Luminance of an LED depends on a current flowing through it, so an LED drive circuit is required to convert mains supply into constant current output or constant voltage output so as to drive the LED. Under occasions of phase-control dimming, an LED dimmer circuit may include a phase-control light dimmer and an LED drive circuit.
FIG. 1 illustrates a schematic diagram of a prior art phase-control light dimmer. As shown in FIG. 1, holding current is required for conduction of triac (DIAC, TRIC). Therefore, in order to realize LED dimming, a fixed load (also known as a dead load or a bleeder resistor) is added in many types of LED driver circuits to hold a minimum breakover current during conduction, thus enabling a phase angle signal for dimming control to be detected accurately. For example, FIG. 2 illustrates an LED dimmer circuit employing the phase-control light dimmer of FIG. 1, an LM3445 scheme adopted by U.S. National Semiconductor Corporation. However, additional fixed loads, such as dead load 21 in FIG. 2, may cause relatively great loss, which may reduce efficiency of an LED drive circuit.

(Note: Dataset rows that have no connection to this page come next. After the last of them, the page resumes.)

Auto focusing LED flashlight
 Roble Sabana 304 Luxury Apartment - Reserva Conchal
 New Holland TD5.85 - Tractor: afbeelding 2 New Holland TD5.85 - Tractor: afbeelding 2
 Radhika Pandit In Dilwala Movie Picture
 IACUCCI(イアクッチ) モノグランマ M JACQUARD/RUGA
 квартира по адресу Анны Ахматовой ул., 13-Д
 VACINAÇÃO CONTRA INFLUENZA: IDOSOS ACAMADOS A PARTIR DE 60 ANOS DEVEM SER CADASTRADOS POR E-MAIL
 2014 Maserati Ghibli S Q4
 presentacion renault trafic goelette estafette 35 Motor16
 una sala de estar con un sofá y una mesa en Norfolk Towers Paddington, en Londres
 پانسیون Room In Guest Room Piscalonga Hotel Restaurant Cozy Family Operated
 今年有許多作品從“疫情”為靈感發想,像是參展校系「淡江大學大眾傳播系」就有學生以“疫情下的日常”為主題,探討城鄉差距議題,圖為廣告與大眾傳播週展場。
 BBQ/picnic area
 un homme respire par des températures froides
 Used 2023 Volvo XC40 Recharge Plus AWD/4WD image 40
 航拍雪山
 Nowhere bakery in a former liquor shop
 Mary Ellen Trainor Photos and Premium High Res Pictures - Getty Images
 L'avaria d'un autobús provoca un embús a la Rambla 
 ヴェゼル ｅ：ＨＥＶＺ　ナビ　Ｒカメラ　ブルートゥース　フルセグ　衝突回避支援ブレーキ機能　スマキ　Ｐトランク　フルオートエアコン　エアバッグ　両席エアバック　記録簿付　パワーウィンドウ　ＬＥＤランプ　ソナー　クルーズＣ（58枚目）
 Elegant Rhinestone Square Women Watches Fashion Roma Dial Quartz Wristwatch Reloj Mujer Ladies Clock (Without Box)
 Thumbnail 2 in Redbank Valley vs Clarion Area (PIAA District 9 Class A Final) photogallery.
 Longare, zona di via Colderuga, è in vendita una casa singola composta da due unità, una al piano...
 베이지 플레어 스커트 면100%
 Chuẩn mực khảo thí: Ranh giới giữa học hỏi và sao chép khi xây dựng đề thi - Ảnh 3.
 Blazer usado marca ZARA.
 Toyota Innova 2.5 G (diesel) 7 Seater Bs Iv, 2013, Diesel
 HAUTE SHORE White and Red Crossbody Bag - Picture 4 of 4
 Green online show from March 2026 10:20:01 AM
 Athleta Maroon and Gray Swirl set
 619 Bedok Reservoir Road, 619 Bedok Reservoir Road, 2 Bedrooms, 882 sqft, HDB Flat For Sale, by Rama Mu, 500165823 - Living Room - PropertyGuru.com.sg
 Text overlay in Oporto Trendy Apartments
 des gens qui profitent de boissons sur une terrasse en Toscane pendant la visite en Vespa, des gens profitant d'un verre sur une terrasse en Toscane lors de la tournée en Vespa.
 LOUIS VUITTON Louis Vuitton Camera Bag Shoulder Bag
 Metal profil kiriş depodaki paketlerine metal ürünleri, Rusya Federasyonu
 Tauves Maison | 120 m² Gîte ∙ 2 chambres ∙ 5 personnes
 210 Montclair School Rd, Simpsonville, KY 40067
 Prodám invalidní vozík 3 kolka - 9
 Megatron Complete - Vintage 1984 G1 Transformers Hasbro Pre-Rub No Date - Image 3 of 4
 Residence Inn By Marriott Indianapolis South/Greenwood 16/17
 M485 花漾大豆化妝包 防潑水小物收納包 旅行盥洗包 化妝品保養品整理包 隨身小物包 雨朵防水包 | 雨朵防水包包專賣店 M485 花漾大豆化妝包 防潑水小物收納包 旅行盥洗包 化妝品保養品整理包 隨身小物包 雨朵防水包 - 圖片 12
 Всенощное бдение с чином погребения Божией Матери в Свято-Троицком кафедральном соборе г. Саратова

In some occasions, a PFC (power factor correction) scheme is adopted for a prior LED drive circuit. During conduction of the phase-control light dimmer, input current and input voltage of the drive circuit are same in phase and proportional in amplitude. The LED drive circuit may use an output load as a load of a light dimmer, thus leaving out a dead load. By sampling a conduction angle of input voltage of the drive circuit, the LED drive circuit filters the conduction angle and converts it into a DC signal whose amplitude is in direct proportion to the conduction angle of dimming signal output by the phase-control light dimmer. The DC signal is used as a reference for comparing with an output current, so as to output an error signal and to control magnitude of the output current. However, this dimming mode has problems of startup flickering and failure of wide range dimming. Specifically speaking, if the phase-control light dimmer is started up when the conduction angle is relatively small, a certain delay time exists when the conduction angle of the input voltage is filtered and converted into the DC signal, and the DC signal within the delay time fails to reflect change of the phase angle for the input voltage in a rapid and accurate way, thus leading to higher current reference and heavier output current within the delay time, which may cause flickering. Moreover, there may be also problems of complex reference sampling circuits and excessive elements.